“Revolution in Life and in Thought,” by Rhoda E. McCulloch
June 24, 1946

Many of those who analyze the present scene in the United States tell us that we are in the midst of a radical revolution—economic, social, and political. The problems of life have overtaken our ability to find creative solutions. Action is deeply revolutionary; thinking about this action and its implications is far from revolutionary.

Looking toward the more recent past, we are still not too sure in our understanding of the real forces which brought on the war. We are confused by the present, and horridly fascinated by the future. There is a vague sense that our destiny as a nation is now at the hour, with an equally vague idea of the way that we must travel if we are to match this hour.

In the wavering uncertainty of our leaders, there is less hope than in a scene in which sharply defined policies and programs are in bitter conflict. It is not enough to blame men in high places for momentary expediency. It is time for each one of us, as citizens, to speed up the glacial movement of our thinking, and come to some ordered approach to the problems of a social system which now must be considered in terms of a world rather than a parish. It is not only soldiers and sailors who have come home to a strange new world. We are all trying to find our footing on an unfamiliar terrain. Remarks overheard on commuting trains, angry tappings of hateful news columns in the morning papers show more frustration than constructive thinking.

All that is loosely gathered up and affirmed in devotion to democracy has swiftly taken on unfamiliar implications. In many quarters there is fear of the rising power of the workers, but this kind of fear is part of the growing pains of a democracy in which groups, once unequal participants, are beginning to have more bargaining powers.

The machinery of operating a democratic government is an international scene in which the United States is both powerful and inter-dependent, and calls for new tools and modes of expression in political life. The techniques for determining what kind of men and women are needed as legislators and executives are more difficult to learn than the easy business of throwing them out of office when they displease us.

A recent survey produces evidence that 90% of Americans want the United States to be part of an international organization. The missing element in this conviction is knowledge of what is involved for us in such an organization, and willingness to pay the price. This same survey showed that 80% of the people believe that our military forces should be at the disposal of the international organization in putting down aggressors. Many of these same people may still be holding on to the ancient contention that our national sovereignty is sacred.

The old “that-is-human-nature” explanation of prejudices and resentful discriminations directed toward minority groups lives on in many people who, at the same time, see how fatally divisive these attitudes are in a nation struggling to be a democracy.

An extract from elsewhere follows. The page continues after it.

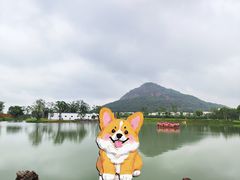 -桃花岛景观公园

It is folly to assume that the lines of the new society are not yet drawn; we are all at the same beginning point of learning how to live in it. We need to learn how to analyze and criticize the scene, and to be as skillful in training this analysis upon ourselves as we are in criticizing those who hold the opposite position. We need to test our belief that the value of a democratic society must be judged by the quality of the people that it produces. Beneath all the shouting and confusion, the people of this nation are now testing out the strength of this fundamental idea. As a people, we are not very skilled in relating high objectives to the ways and means that match them. Greater than the need for more effective leaders is the need to find ways by which the growing sense of responsibility in the people at large can be mobilized and directed to the guidance of the nation.

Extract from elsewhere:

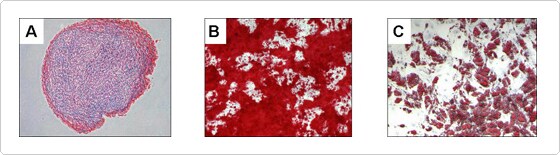 Figure 1: Three panel image showing ADSC-derived chondrocytes stained with safranin orange, ADSC-derived osteoblasts stained with Alizarin red, and ADSC-derived adipocytes stained with Oil Red O.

The revolution is more than political, or economic. It is a revolution in thinking about the relation of religion to life, for we are growing in understanding of God by every move that we make in realizing the interdependence of the human family.


Rhoda E. McCulloch (1884 – 1978) wrote on education, religion, social progress, working women, marriage, and the women’s movement in Christianity and Crisis, The Association Monthly, and The Woman’s Press. She wrote The War and the Woman Point of View and was the editor-in-chief of The Woman’s Press, a publication of the Young Women’s Christian Association.